In response, government proposed a policy that sought to acquire land on a compulsory basis, without compensation.

It was not the only proposed change, in fact, but part of a broader constitutional amendment that incorporated a Bill of Rights and limited the president to two successive five-year terms.

It was rejected at a referendum in 2000.

Boiling over

Concerned over their prospects at the next election, the ruling Zanu-PF called for radical land redistribution.  

For their part, the War Veterans Association – staunch supporters of then-president Robert Mugabe – organised a movement officially termed the Fast-Track Land Reform Programme, and began a series of land occupations.

According to Zimbabwe media reports of the time, they seized thousands of white-owned farms.

Human Rights Watch condemned the process.

Farmers, via the Commercial Farmers' Union (CFU), approached the courts in protest against the land invasions. The Supreme Court of Zimbabwe repeatedly ruled in their favour.

Ultimately, however, the constitution was amended to allow for the takeover of land without compensation, barring for improvements to the property. The Land Acquisition Act was further amended in May 2000 via the Presidential Powers (Temporary Measures) Act of 1986.

More than 2,000 farms were legally listed for compulsory acquisition.

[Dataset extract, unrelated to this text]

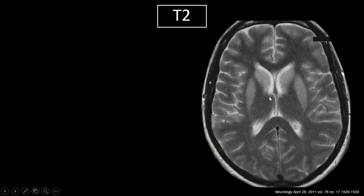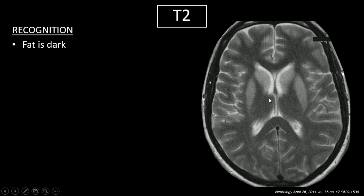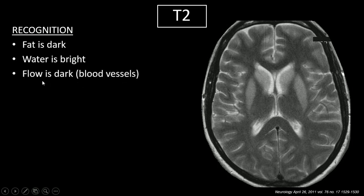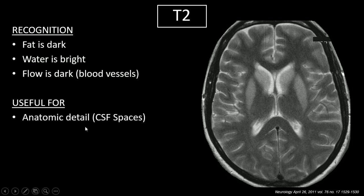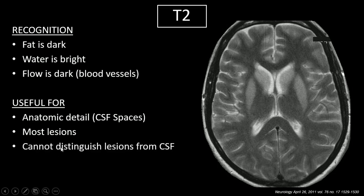Let's pull up our T2 image. How do we recognize it? Everything is flipped. Fat is dark — these highly myelinated areas, which are fat, are dark. Water is bright, so look at our CSF right here in the ventricles — it's pretty bright. But flow is dark, and this is called flow void. Where there's fluid moving at a high velocity, like a blood vessel, it's going to be dark. T2 is useful for anatomic details and picking up most lesions in general, though it can trip up when lesions or edema are close to CSF spaces because they'll both be bright.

But while legal and constitutional instruments were being put in place, the violence that erupted at farms – against both farmers and their farm workers – resulted in deaths, injuries and damage to property.

The end of property rights – and economic collapse

In an effort to regulate the process and instil a sense of order, the Zimbabwean government introduced two models for land distribution.

A1 schemes were introduced for smallholder production, while A2 schemes were introduced for commercial farms.

During the fast-track land reform programme, agricultural property ownership rights were cancelled, with the land in question being allocated free to resettled farmers. In many cases, pre-existing production standards were not maintained.

The destruction of the collateral value of an important national asset meant billions of dollars' worth of collateral value was simultaneously shed from Zimbabwe's economy overall.  

Economist John Robertson wrote, "When agricultural land was disabled by government’s decision to cancel its collateral value, the flows of previously dependable raw materials to the manufacturing sector slowed or stopped. Factories had to downsize, or close."

Exports of an extensive list of consumer goods fell sharply and the deliveries of the same goods to local stores declined. More and more goods had to be imported.

Forced by debt to the negotiating table

Meanwhile, imports had to be paid for with increasingly scarce foreign exchange. Not enough was left to repay outstanding foreign debts.

Under new president Emmerson Mnangagwa, debt haunts the country, and has had to be restructured by international financial institutions.

Solving the land question has been included in pre-conditional reforms for relief.

This prompted government to act and work out a plan to compensate white commercial farmers, but only for improvements.

On Sunday, after almost two decades, [some] farmers finally agreed to be paid an interim payment of RTGS$53m, which equates to about R240m.